Seminar Series - Fuyong Xing - High-throughput Biomedical Image Computing for Digital Health
In biomedical informatics, a large amount of image data has been collected to support clinical diagnosis, treatment decision and medical prognosis. The large volume and the diversity of informatics across different imaging modalities require advanced and high-throughput image computing technologies for more accurate disease detection, deeper understanding of the mechanisms of disease progression, and better healthcare in precision medicine.
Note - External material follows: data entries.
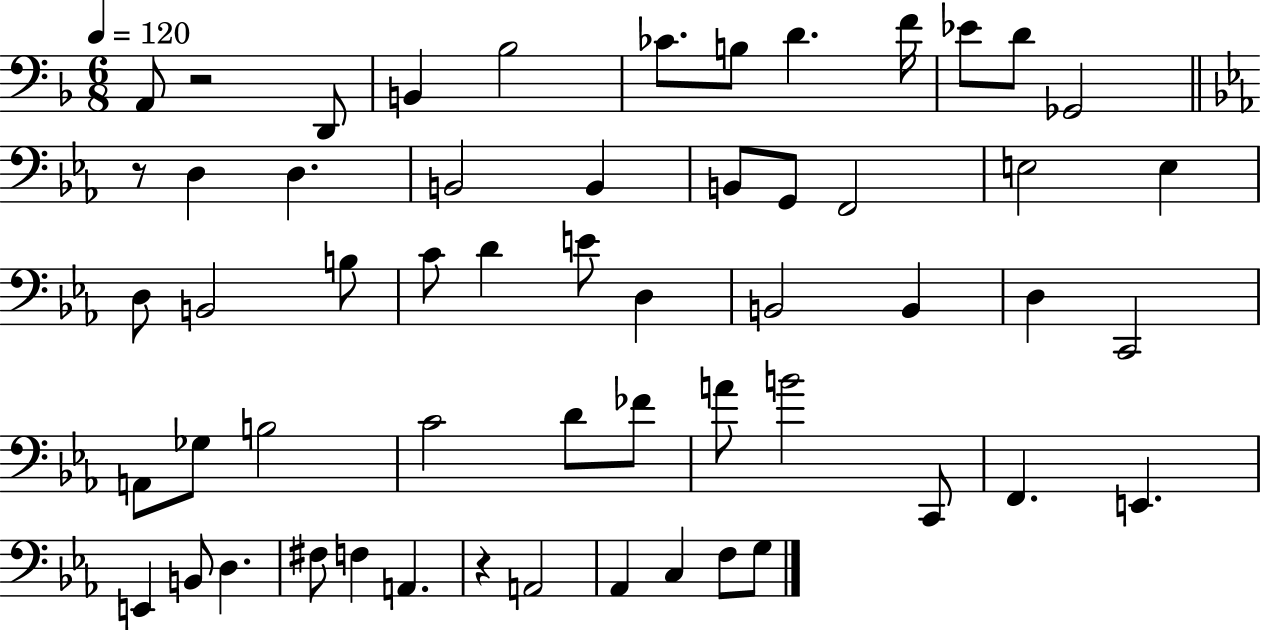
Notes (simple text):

A2/e R/h D2/e B2/q Bb3/h CES4/e. B3/e D4/q. F4/s Eb4/e D4/e Gb2/h R/e D3/q D3/q. B2/h B2/q B2/e G2/e F2/h E3/h E3/q D3/e B2/h B3/e C4/e D4/q E4/e D3/q B2/h B2/q D3/q C2/h A2/e Gb3/e B3/h C4/h D4/e FES4/e A4/e B4/h C2/e F2/q. E2/q. E2/q B2/e D3/q. F#3/e F3/q A2/q. R/q A2/h Ab2/q C3/q F3/e G3/e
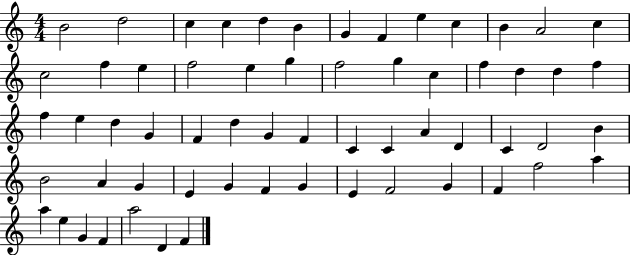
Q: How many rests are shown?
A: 0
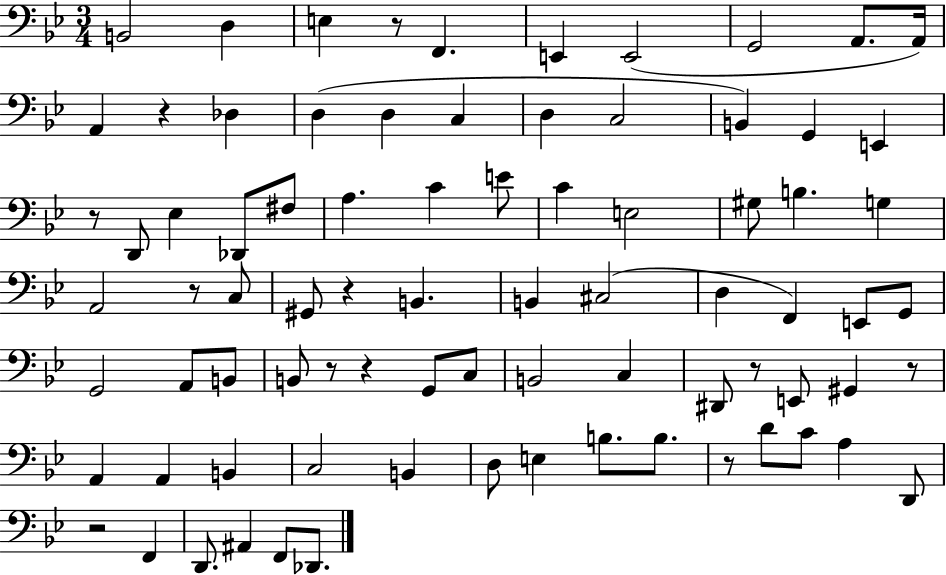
{
  \clef bass
  \numericTimeSignature
  \time 3/4
  \key bes \major
  b,2 d4 | e4 r8 f,4. | e,4 e,2( | g,2 a,8. a,16) | \break a,4 r4 des4 | d4( d4 c4 | d4 c2 | b,4) g,4 e,4 | \break r8 d,8 ees4 des,8 fis8 | a4. c'4 e'8 | c'4 e2 | gis8 b4. g4 | \break a,2 r8 c8 | gis,8 r4 b,4. | b,4 cis2( | d4 f,4) e,8 g,8 | \break g,2 a,8 b,8 | b,8 r8 r4 g,8 c8 | b,2 c4 | dis,8 r8 e,8 gis,4 r8 | \break a,4 a,4 b,4 | c2 b,4 | d8 e4 b8. b8. | r8 d'8 c'8 a4 d,8 | \break r2 f,4 | d,8. ais,4 f,8 des,8. | \bar "|."
}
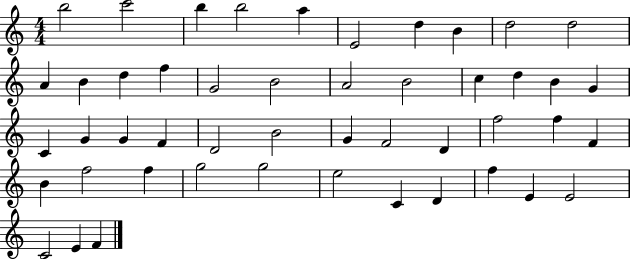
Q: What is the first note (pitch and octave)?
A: B5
With the ever- increasing amount of biomedical image data, it is very important to design and develop efficient technologies for large-scale biomedical image analysis. This talk will describe high-throughput biomedical image computing methods for digital health, focusing on three significant topics: object detection, segmentation, and image understanding in medical diagnosis. Specifically, I will present several novel machine learning and imaging informatics technologies to process biomedical big image data and introduce the applications of these technologies in medical diagnosis
Fuyong Xing is a Ph.D. Candidate in the Department of Electrical and Computer Engineering at University of Florida. He received his M.S. from Rutgers, The State University of New Jersey in 2011 and bachelor’s degree from Xi'an Jiaotong University in 2006. His research interests include medical image computing, biomedical imaging informatics, and machine learning. He has published over 30 peer-reviewed journal and conference proceedings. He was the winner of Outstanding International Student Awards at University of Florida in 2016 and the Runners Up for Young Scientist Awards in the International Conference on Medical Image Computing and Computer Assisted Intervention (MICCAI) in 2015.